Thirty years ago, in Harrison v. Montgomery County Bd. of Educ., 295 Md. 442, 444, 456 A.2d 894 (1983), this Court issued a writ of certiorari to decide “whether the common law doctrine of contributory negligence should be judicially abrogated in Maryland and the doctrine of comparative negligence adopted in its place as the rule governing trial of negligence actions in this State.” In a comprehensive opinion by then Chief Judge Robert C. Murphy, the Court in Harrison, 295 Md. at 463, 456 A.2d at 905, declined to abandon the doctrine of contributory negligence in favor of comparative negligence, pointing out that such change “involves fundamental and basic public policy considerations properly to be addressed by the legislature.” The petitioner in the case at bar presents the same issue that was presented in Harrison, namely whether this Court should change the common law and abrogate the defense of contributory negligence in certain types of tort actions. After reviewing the issue again, we shall arrive at the same conclusion that the Court reached in Harrison.
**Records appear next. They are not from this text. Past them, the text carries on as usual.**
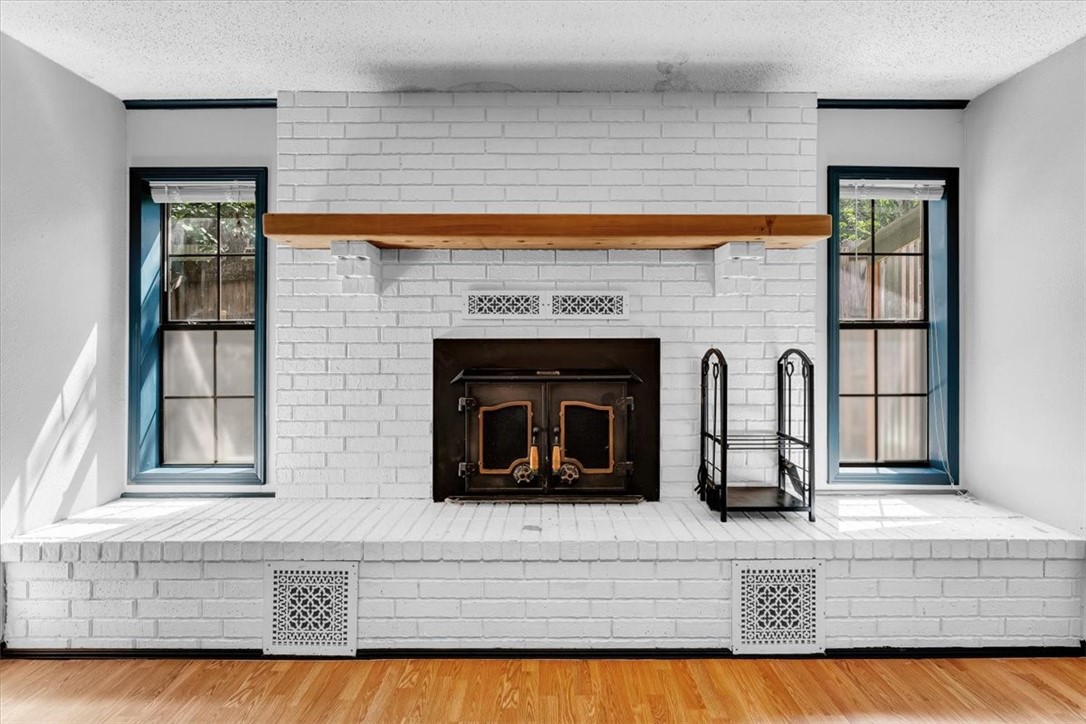 2733 E Ferguson Avenue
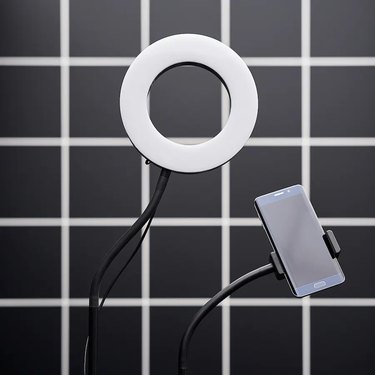 Lånespelare Ring Lamp With Phone Holder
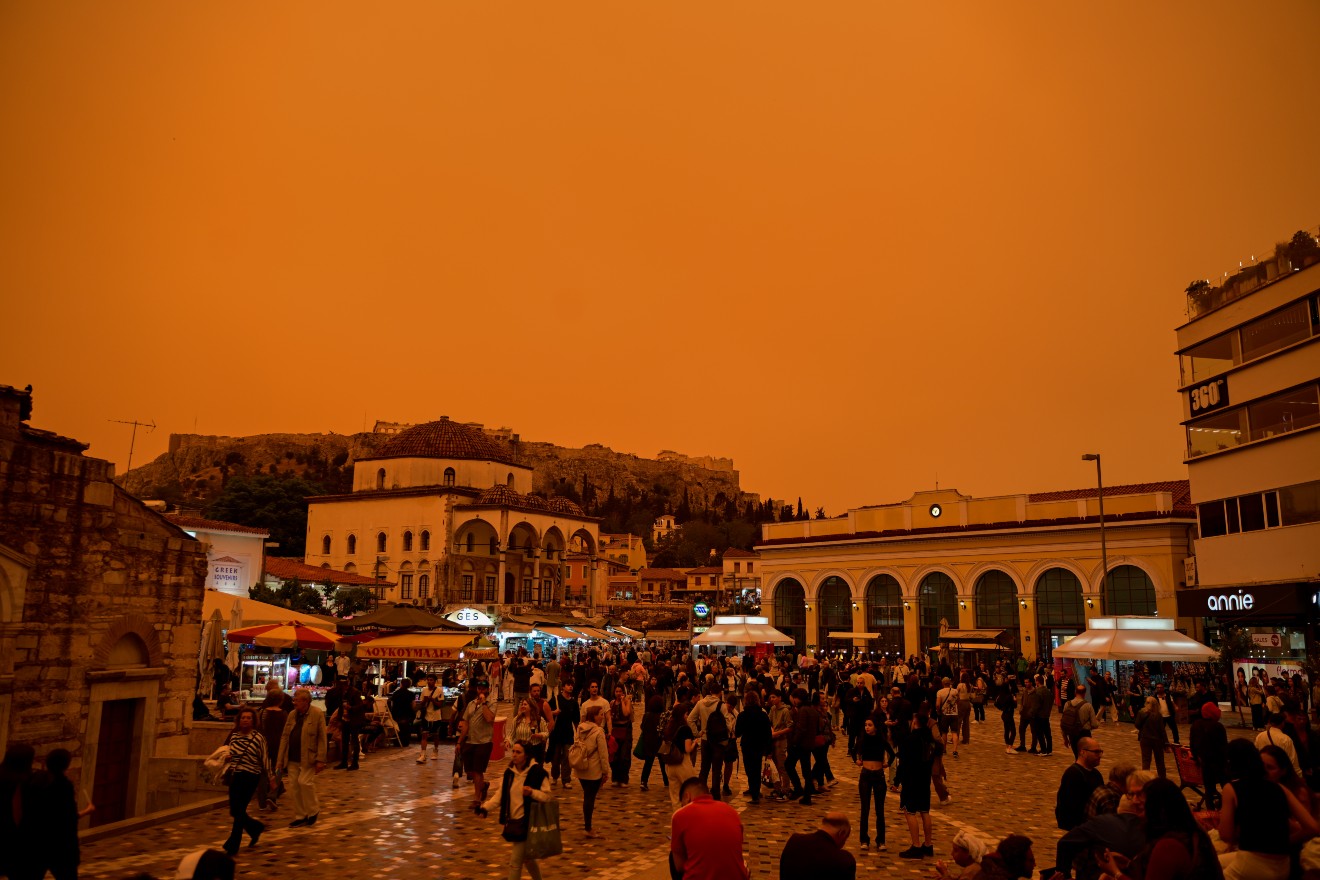 Μετά την ηλιοφάνεια του Πάσχα, ο καιρός «εκδικείται» – Δείτε πού θα φτάσει το θερμόμετρο στους 25 βαθμούς με σκόνη-θρίλερ!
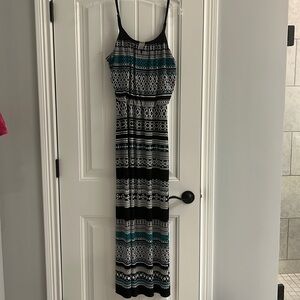 Like new White House Black Market Maxi Dress - 95% polyester 5% Spandex -summer!
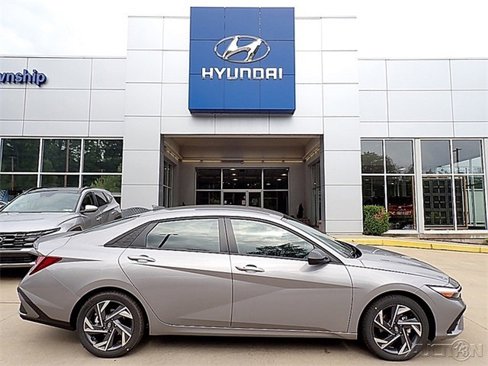 New 2025 Hyundai Elantra Sport image 1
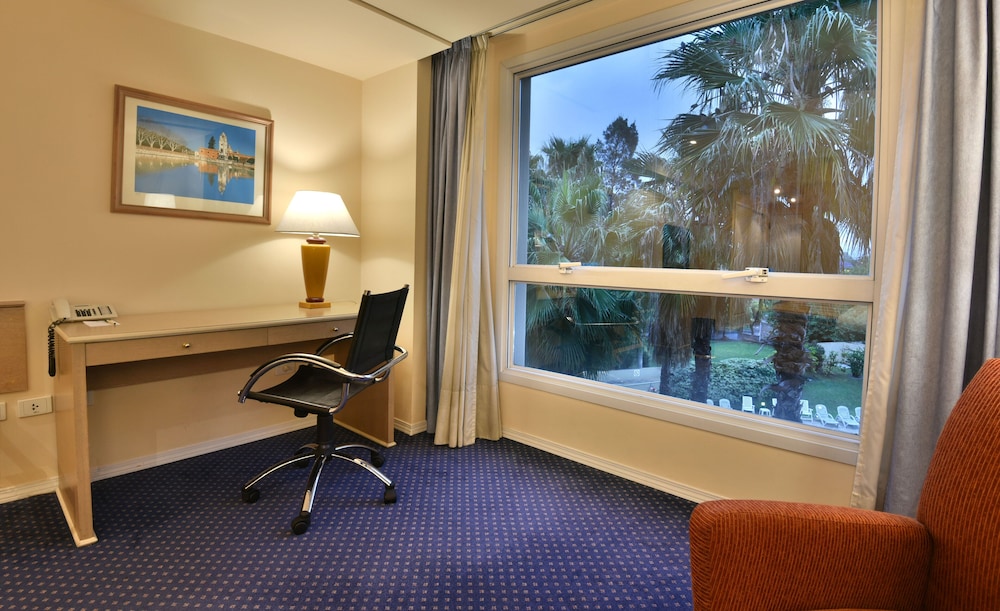 Holiday Inn Cordoba 60/76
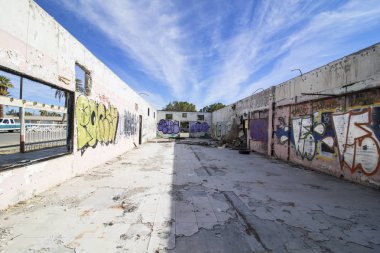Salton Denizi California Çölü'nde terk edilmiş binaya çöl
This dissent is evidence why judges should not try to be funny when they don’t write well. Yuck.

Paleontologists and geologists inform us that Earth’s Cretaceous period (including in what is present day Maryland) ended approximately 65 million years ago with an asteroid striking Earth (the Cretaceous-Paleogene Extinction Event), wiping-out, in a relatively short period of geologic time, most plant and animal species, including dinosaurs. As to the last premise, they are wrong. A dinosaur roams yet the landscape of Maryland (and Virginia, Alabama, North Carolina and the District of Columbia), feeding on the claims of persons injured by the negligence of another, but who contributed proximately in some way to the occasion of his or her injuries, however slight their culpability. The name of that dinosaur is the doctrine of contributory negligence. With the force of a modern asteroid strike, this Court should render, in the present case, this dinosaur extinct. It chooses not to do so. Accordingly, I dissent. My dissent does not take the form of a tit-for-tat trading of thrusts and parries with the Majority opinion. Rather, I write for a future majority of this Court, which, I have no doubt, will relegate the fossilized doctrine of contributory negligence to a judicial tar pit at some point.

Yes. Compare a court opinion to a catastrophic and cataclysmic asteroid. What a lovely image for a group of judges to aspire to. I think even dinosaurs would be offended by that lame prose. Someone, go make a velociraptor meme.